Hamburg, Bremen und Sachsen-Anhalt besonders betroffen
Stark betroffen von sogenannter Wohnarmut sind der Auswertung zufolge junge Erwachsene unter 25 - darunter viele Studenten – sowie Ältere über 65 Jahre. Alleinlebende trifft es eher als Paare, weil sie in der Regel höhere Wohnkosten pro Person haben. Am schlimmsten sei die Situation für alleinstehende Menschen im Rentenalter.
Auch regional gibt es Unterschiede: In Bremen, Sachsen-Anhalt und Hamburg sei „Wohnarmut“ am stärksten verbreitet, am wenigsten stark in Baden-Württemberg und Bayern.

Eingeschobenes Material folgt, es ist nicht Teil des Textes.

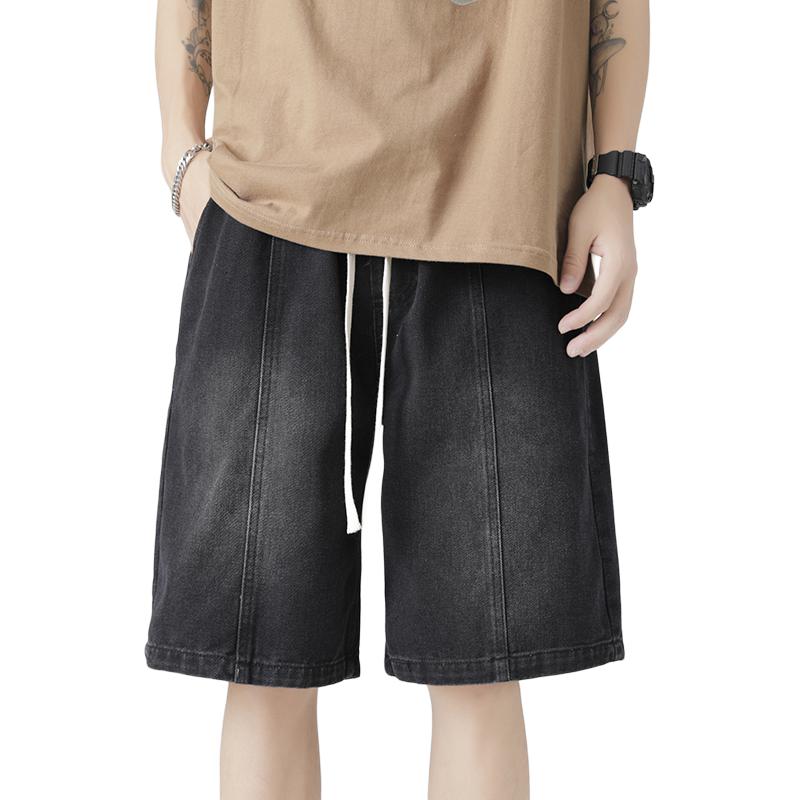 Джинсовые шорты унисекс TnTn, черные
Джинсовые шорты унисекс TnTn, черные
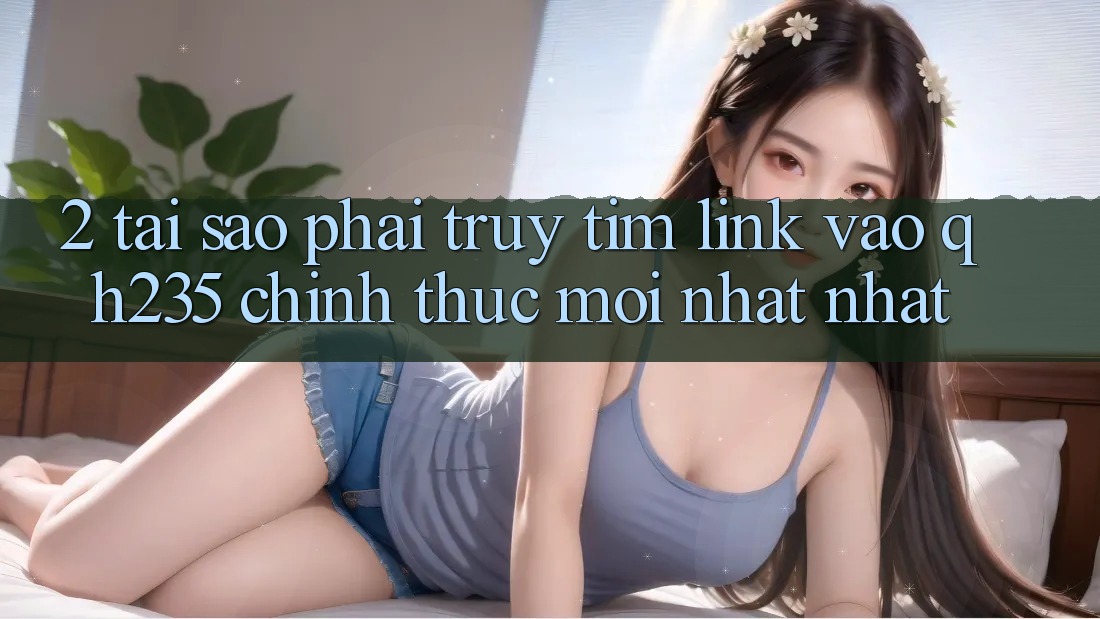 2. Tại Sao Phải Truy tìm Link Vào qh235 Chính Thức Mới nhất Nhất? 2. Tại Sao Phải Truy tìm Link Vào qh235 Chính Thức Mới nhất Nhất?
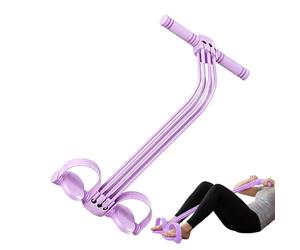 Bande de résistance à pédale - Corde de Tension élastique à 6 Tubes avec poignées | Bande de résistance équilibrée - pour Bras Corps Abdominaux Home Gym Intérieur Extérieur Fitness Musculation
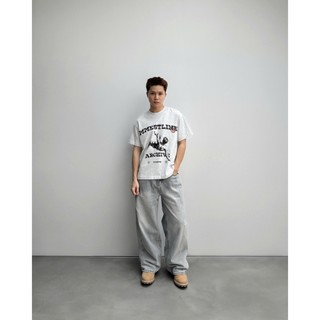 Áo thun MMESTLINE "ICARUS" form Boxy chất liệu Premium Cotton in lụa Trame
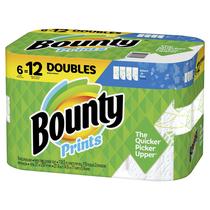 Toalhas de Papel Bounty Select-A-Size 6 Rolos Duplos Toalhas de Papel Bounty Select-A-Size 6 Rolos Duplos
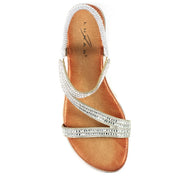 Blaise II Silver Sandal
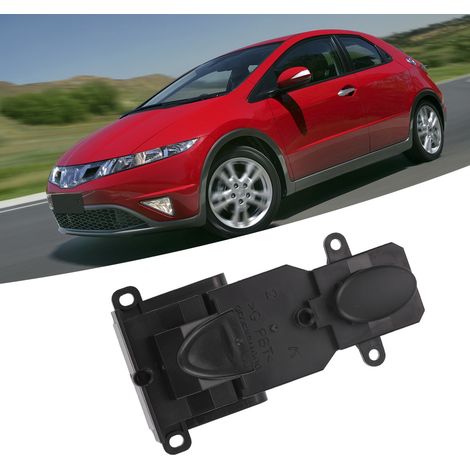 Elektrischer Fensterheberschalter vorne rechts, 5-polig, kompatibel mit Honda Civic 2005-2009, Teilenummer 35760-SNA A03 (1/5)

Der Unterschied zwischen der konventionellen und der um Wohnkosten bereinigten Armutsquote sei in Hamburg und Schleswig-Holstein besonders hoch.

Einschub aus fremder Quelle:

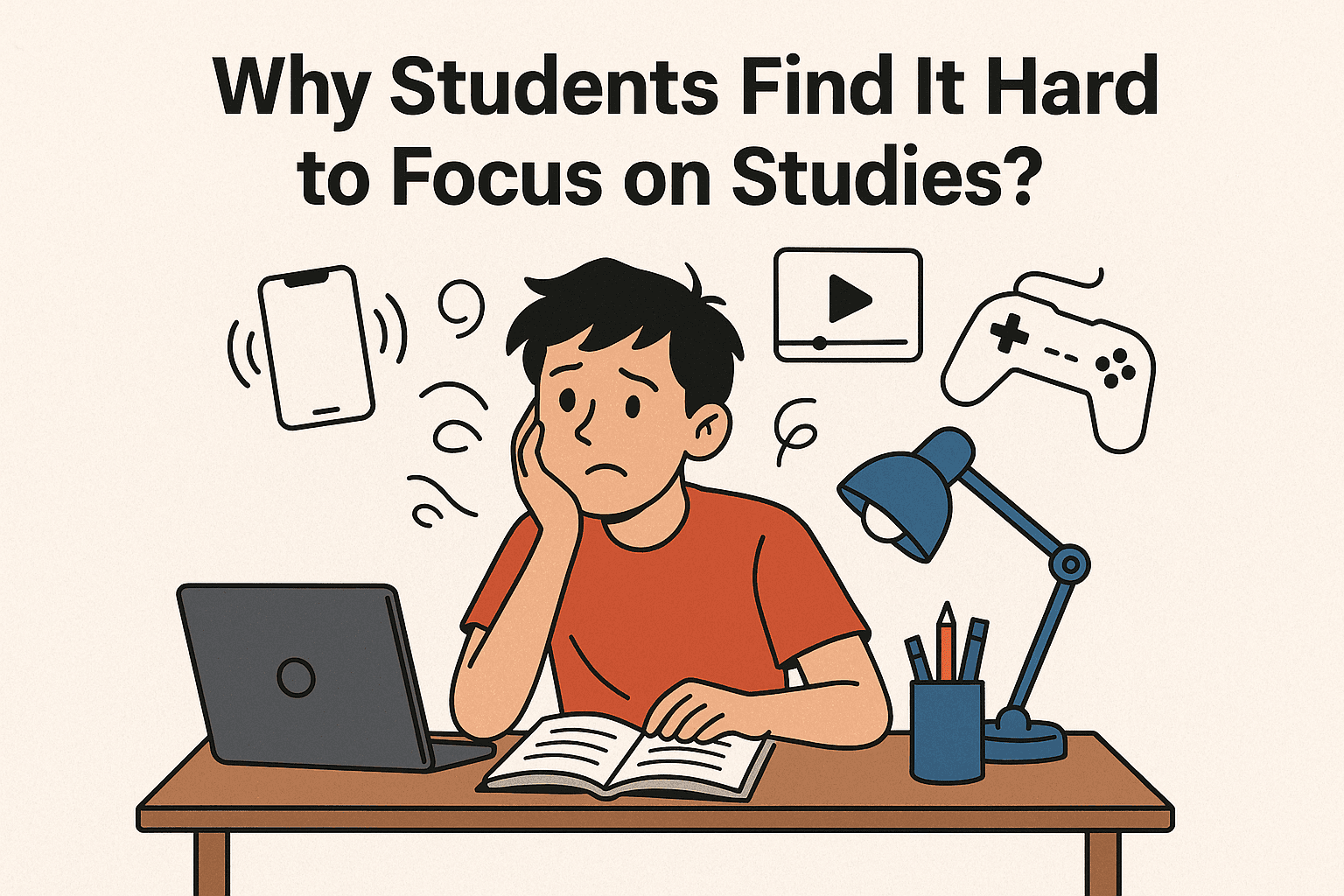 Why Students Find It Hard to Focus on Studies?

Der Paritätische Gesamtverband ruft die künftige Bundesregierung auf, neue und dauerhaft sozial gebundene Wohnungen zu schaffen.

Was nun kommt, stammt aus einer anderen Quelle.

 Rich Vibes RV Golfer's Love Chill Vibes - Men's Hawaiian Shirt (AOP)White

Fast jeder Dritte lebt in einem Gebiet mit Mietpreisbremse
Knapp ein Drittel der deutschen Bevölkerung wohnt in Gebieten, in denen die Mietpreisbremse gilt. Das zeigt eine Auswertung von Daten durch das Bundesamt für Bauwesen und Raumordnung. Demnach gilt das 2015 eingeführte Instrument für den Mieterschutz bundesweit in 415 Gemeinden mit insgesamt 26,2 Millionen Einwohnern.
Dort, wo die Mietpreisbremse gilt, darf die Miete bei der Wiedervermietung von Bestandswohnungen höchstens auf das Niveau der ortsüblichen Vergleichsmiete zuzüglich zehn Prozent erhöht werden. Grundlage dafür ist ein Bundesgesetz, das die Landesregierungen ermächtigt, Gebiete mit angespannten Wohnungsmärkten auszuweisen, in denen die Mietpreisbindung gilt.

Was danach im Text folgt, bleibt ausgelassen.